Un bonito ejercicio para estos días es repasar la letra del Himno Nacional mexicano mientras se piensa en las ejecuciones de Tlatlaya. Tal vez te pase como a mí y esa canción sea una de varias (junto con "Las mañanitas" y "Mi primer millón") que puedes pasar el resto de tu vida sin escuchar y morirías feliz. Pero por alguna razón la he estado recordando por accidente. En especial, esas partes que funcionan como propaganda para identificarse con los soldados y que buscan hacernos sentir que todos somos milicos en potencia. Casi todo, pues.
Para balancear, hay que reconocer que los himnos de casi todos los países se escribieron con el fin de recordar a sus habitantes las razones que les dieron origen. Y prácticamente la totalidad de los países nacieron a partir de actos de violencia. (¿Se fijan que no dije "todos"?; es porque no me sé de memoria la historia de cada pueblo del planeta, pero apostaría mis córneas a que no hay Estado que haya surgido de otra forma. Sirve que también Hobbes ya las apostó alguna vez). Los himnos nacionales sirven entre otras cosas para hacernos sentir emocionados con el hecho de tirar trancazos o de que otros los tiren por nosotros. Entonces, cuando aparece el peligrosísimo Masiosare, se supone que todos estamos llamados a llenarlo de balas. O cuando menos, a echarle porras a quienes tirarán esas balas, que se espera sean los soldados.
El problema es que Masiosare no se deja derrotar de una vez por todas. Peor: puede cambiar de forma y seguirnos asediando. Cuando se escribió el himno, era el ejército francés. Pero ha llegado a ser muchas otras cosas, sobre todo desde que no existen amenazas de invasiones militares al territorio nacional. Durante décadas, casi siempre que los soldados aparecían en la tele era porque eran enviados a ayudar a los afectados por desastres naturales (huracanes Masiosare). También, un poco más a escondidas, se dedicaban a amenazar, torturar o desaparecer a otros "enemigos de la patria": guerrilleros, estudiantes, líderes políticos de oposición y demás. Con el surgimiento y la expansión del narcotráfico, el Estado mexicano ha encontrado a uno de los masiosares más taquilleros de su historia y a partir de que Calderón lo puso como objetivo del ejército, los verdes le han dado vuelo al trabajo que les fue encomendado por el Himno Nacional. Ya desde antes cometían crímenes como detenciones arbitrarias ("levantones", les dicen ahora) o asesinatos (que hoy son "ejecuciones extrajudiciales"), pero desde 2006 éstos se han multiplicado.
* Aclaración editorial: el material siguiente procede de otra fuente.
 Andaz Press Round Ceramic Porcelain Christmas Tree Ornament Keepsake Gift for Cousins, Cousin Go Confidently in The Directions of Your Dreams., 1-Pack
Todo este asunto es conocidísimo, como ha llegado a serlo el caso de Tlatlaya, en el que el ejército asesinó a 22 civiles desarmados, hace más de un año (el 11 de junio de 2014). No se trata, ni por mucho, del único crimen que ha cometido el ejército como parte de la "guerra contra el narco". Ni siquiera del más reciente. Pero hay varios rasgos que lo han vuelto uno de los casos más emblemáticos de crímenes cometidos por fuerzas del Estado. De inicio, la enorme cantidad de víctimas. Súmale el hecho de que, de acuerdo con las investigaciones que se han ido revelando, los jóvenes fueron llevados ahí por los soldados y asesinados contra la pared. De ninguno ha podido probarse que haya estado relacionado con el narco, aunque esto no debería importar (se supone que la presunción de inocencia y esas cosas que en medio de tanta jodidez suenan a cuento de hadas).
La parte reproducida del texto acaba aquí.